One of my favorite things about online video is the accountability it can provide consumers. Can scams continue if people are brave enough to admit to being duped, and broadcast it to others?

Author: Nalts

Hi. I'm Nalts.

19 thoughts on “Cambridge Who’s Who: Is it a Scam? My Story on Video.”

  1. This is definitely the only upshot to being in debt.

    Here’s a few little tips for anyone talking to these kind of high pressure sales people:

    Ask, politely, for the caller’s full name, their employee ID, what city they are calling from and a return phone number. Then ask them if they would mind you taping the conversation, if they hesitate to any of the above hang up.

    You can go one better and say you would also like to send the taped conversation to your local newspaper and television station. If they are a reputable company they will see this as free advertisement, if they are shady or a scam they will hang up on you pretty quick.

    No mater what, before you give them any credit card numbers, tell them you need at least 24 hours to consider what they are offering. If they turn on the screws by saying, “but this deal won’t be here tomorrow,: reply, “I guess neither will my money.” Then ask the person who has just wasted your good time to hold on; go to the bathroom, take a shower, wash the dishes, play with the kids or put one of the more talkative ones on the phone.

    Another handy thing to do, if possible, while they are giving you the loadown on what they are trying to sell, google the company.
    Mention that you have just googled them and if it looks like page after page of bad news, start reading what people said about this company. This wastes a bit of your time, hanging up is much easier at this point, but it brings to the employees mind that perhaps this isn’t the best company to work for and you have just done your good deed for the day 🙂

  2. I still don’t get it. If you don’t want a product, how do you get “suckered” into buying it? These “Whos Whos” all seem to play into one thing: people’s self-esteems. Just say no, for God’s sake!

  3. You people make this all seem so complicated!! First, if it’s an “unknown” or “private” call, I just don’t answer. That’s what answering machines are for. If it’s somebody who actually has something important to say to me, they’ll leave a message. Believe me, they NEVER do.

    Second, if I do answer, the minute somebody starts giving me a sales pitch I say “I’m not interested” and I hang up. I don’t wait for them to say good bye, I don’t say good bye myself, I don’t give them a chance to get another word in. I say “I’m not interested” and I hang up. I don’t care how rude it is. They are wasting my time and invading my privacy.

    Screw em. Hang up the phone. Hang up. Hang up. I didn’t sleep again last night. Can you tell?

  4. Revver Gets $35 Per Thousand Views:Revver, the Los Angeles-based video sharing/advertising network, is charging advertisers as much as $35 per thousand views of certain videos.

    While some videos get just a $3 CPM, this higher number is a very positive indication of a advertisers willing to pay high rates surrounding quality, independently produced video.
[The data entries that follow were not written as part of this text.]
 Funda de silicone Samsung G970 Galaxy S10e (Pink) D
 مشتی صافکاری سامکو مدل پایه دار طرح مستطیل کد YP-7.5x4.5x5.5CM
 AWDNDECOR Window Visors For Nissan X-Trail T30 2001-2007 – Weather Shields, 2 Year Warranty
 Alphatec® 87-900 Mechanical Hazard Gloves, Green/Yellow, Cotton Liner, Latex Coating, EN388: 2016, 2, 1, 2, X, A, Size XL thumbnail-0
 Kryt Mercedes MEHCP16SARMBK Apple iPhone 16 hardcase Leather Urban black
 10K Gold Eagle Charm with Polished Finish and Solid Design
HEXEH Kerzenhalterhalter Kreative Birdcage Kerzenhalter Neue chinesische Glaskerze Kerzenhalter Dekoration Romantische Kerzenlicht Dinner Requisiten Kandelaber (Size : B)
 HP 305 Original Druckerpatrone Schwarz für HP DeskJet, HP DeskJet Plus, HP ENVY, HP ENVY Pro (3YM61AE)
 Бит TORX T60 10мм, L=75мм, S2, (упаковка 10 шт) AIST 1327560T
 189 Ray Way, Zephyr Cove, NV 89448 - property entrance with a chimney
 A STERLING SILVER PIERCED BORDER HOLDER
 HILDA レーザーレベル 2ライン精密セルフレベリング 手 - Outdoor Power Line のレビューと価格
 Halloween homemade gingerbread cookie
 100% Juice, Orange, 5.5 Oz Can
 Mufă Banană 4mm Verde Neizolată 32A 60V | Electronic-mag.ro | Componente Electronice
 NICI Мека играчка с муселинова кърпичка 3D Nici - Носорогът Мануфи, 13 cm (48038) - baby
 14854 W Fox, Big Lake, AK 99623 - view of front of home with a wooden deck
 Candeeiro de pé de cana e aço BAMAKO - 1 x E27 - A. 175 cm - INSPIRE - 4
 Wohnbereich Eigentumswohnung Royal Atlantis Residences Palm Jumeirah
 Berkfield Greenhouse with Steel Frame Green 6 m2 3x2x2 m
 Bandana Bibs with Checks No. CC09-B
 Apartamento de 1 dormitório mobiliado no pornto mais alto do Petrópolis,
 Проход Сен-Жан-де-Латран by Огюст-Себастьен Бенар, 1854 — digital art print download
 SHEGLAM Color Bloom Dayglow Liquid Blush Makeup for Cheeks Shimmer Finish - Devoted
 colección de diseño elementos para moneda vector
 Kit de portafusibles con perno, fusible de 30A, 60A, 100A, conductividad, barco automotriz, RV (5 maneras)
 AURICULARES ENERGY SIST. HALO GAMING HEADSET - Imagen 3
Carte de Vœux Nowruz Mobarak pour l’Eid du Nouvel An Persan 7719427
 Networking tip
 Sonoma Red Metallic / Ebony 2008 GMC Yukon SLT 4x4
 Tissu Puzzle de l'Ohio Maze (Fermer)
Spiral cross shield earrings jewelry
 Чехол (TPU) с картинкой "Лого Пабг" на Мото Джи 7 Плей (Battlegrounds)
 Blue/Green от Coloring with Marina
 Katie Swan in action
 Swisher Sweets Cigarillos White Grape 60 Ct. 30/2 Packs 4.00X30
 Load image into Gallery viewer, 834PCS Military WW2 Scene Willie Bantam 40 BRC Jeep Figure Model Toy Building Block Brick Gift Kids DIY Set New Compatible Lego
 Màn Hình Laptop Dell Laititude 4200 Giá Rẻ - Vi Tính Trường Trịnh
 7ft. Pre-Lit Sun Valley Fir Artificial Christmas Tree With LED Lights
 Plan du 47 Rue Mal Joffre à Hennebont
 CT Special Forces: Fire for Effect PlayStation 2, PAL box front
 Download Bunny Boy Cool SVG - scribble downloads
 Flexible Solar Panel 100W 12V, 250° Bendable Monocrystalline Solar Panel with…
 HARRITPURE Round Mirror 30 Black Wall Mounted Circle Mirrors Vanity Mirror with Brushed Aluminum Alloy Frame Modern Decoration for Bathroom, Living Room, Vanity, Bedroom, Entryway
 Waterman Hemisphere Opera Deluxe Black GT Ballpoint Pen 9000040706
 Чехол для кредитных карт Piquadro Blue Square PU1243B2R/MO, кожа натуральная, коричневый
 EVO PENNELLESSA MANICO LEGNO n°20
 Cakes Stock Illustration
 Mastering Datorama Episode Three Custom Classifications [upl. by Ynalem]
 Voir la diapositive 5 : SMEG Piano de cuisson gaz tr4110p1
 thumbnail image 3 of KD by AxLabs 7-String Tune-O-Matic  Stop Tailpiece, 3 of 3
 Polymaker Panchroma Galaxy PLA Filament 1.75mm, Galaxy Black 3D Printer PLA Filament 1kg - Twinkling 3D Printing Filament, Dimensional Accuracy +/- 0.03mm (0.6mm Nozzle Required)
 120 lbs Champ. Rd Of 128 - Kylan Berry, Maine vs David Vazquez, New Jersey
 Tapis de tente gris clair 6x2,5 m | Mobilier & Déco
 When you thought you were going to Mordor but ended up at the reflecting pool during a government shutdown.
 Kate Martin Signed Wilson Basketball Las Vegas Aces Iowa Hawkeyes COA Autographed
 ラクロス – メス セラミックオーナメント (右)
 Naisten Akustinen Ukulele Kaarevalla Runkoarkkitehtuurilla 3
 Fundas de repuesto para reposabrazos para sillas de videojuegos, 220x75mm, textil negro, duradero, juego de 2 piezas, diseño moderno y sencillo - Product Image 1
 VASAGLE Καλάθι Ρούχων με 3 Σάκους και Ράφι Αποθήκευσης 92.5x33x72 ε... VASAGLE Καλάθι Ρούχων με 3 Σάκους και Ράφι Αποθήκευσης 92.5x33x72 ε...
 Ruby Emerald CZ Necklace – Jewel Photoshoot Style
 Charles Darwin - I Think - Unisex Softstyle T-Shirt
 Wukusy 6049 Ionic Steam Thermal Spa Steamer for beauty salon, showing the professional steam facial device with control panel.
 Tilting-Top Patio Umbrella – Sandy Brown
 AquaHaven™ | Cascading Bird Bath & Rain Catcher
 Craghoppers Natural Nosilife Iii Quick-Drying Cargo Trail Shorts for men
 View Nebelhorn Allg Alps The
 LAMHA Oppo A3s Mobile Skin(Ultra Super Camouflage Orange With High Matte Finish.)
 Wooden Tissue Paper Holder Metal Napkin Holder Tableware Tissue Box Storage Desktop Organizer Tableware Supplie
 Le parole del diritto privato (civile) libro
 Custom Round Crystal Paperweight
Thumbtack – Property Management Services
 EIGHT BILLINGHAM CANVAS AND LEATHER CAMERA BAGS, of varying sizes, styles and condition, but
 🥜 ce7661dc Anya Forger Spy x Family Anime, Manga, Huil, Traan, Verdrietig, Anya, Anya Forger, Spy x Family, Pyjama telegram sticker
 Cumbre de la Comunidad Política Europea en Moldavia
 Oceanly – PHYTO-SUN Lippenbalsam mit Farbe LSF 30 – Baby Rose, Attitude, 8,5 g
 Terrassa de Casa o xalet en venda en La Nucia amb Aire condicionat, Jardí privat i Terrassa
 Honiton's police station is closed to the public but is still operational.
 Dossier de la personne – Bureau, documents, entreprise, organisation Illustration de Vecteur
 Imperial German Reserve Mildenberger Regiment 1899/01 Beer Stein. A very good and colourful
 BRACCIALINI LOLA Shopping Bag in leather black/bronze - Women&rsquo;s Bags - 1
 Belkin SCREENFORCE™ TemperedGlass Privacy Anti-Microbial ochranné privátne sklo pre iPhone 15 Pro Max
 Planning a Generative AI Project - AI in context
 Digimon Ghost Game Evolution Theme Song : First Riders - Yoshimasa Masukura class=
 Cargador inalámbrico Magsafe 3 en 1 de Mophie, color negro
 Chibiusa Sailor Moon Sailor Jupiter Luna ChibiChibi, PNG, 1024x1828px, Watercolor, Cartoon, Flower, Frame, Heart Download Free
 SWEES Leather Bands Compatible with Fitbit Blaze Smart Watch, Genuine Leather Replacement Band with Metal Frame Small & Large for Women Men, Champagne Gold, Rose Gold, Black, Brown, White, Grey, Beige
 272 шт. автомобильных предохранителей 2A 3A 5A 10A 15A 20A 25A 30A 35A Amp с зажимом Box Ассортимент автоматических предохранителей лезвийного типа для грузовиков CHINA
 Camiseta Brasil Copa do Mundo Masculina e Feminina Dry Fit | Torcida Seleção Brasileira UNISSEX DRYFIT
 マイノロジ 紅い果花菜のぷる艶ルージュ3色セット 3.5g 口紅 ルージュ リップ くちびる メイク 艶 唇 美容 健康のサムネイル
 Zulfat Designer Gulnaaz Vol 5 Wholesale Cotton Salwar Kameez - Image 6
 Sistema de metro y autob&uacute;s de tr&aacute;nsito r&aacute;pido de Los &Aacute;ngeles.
Revver, splits the revenue 50/50 with the content creator?????

  5. I really enjoyed these two most recent videos immensely. One thing though.. You need storage.. for all of those file boxes you have stacked in your office. Also, do you have a window?

  6. “Can scams continue if people are brave enough to admit to being duped, and broadcast it to others?”

    Sadly, they can. The existence of Writer Beware (the publishing industry watchdog group that maintains the blog you kindly linked to above–I’m the author of the Who’s Who post) is a testament to that. Over our nearly ten years in operation, we’ve played a major part in publicizing the issue of literary scams, and in convincing writers to share their stories. Yet the scams only continue to grow.

    We get enormously more complaints now than we did when we started up in 1998. The two most active scams we’re tracking have warnings all over the Internet, not just from people like us but from writers who’ve been duped. Yet those scams are thriving.

    Is Cambridge a scam? Not exactly–just as the International Library of Poetry (a.k.a. Poetry.com) is not exactly a scam. You do get something for your money. But what you get is of extremely dubious value, and deceptively presented. Basically, it’s a complete waste of money–and the high-pressure sales tactics make it extra sleazy.

    Still, I don’t doubt there are plenty of people who are happy with Cambridge–otherwise, it would go out of business. Lots of people are happy with the International Library of Poetry, too. But there are also a lot of pissed off people, and I’ve heard from a bunch of them as a result of my post (my blog traffic also went up by at least 25% after I put that post online).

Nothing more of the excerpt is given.